▶ **Exercise details**: The full set of records is to be reproduced verbatim.

▶ **Provided information**:

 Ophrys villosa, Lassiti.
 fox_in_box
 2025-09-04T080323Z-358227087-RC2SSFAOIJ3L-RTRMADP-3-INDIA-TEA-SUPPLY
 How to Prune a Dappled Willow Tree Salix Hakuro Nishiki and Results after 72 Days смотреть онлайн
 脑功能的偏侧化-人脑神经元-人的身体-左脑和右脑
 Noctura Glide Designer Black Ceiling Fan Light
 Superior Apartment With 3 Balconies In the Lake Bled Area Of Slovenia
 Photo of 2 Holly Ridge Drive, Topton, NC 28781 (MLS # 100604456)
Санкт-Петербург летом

▶ **Exercise response**:
 Ophrys villosa, Lassiti.
 fox_in_box
 2025-09-04T080323Z-358227087-RC2SSFAOIJ3L-RTRMADP-3-INDIA-TEA-SUPPLY
 How to Prune a Dappled Willow Tree Salix Hakuro Nishiki and Results after 72 Days смотреть онлайн
 脑功能的偏侧化-人脑神经元-人的身体-左脑和右脑
 Noctura Glide Designer Black Ceiling Fan Light
 Superior Apartment With 3 Balconies In the Lake Bled Area Of Slovenia
 Photo of 2 Holly Ridge Drive, Topton, NC 28781 (MLS # 100604456)
Санкт-Петербург летом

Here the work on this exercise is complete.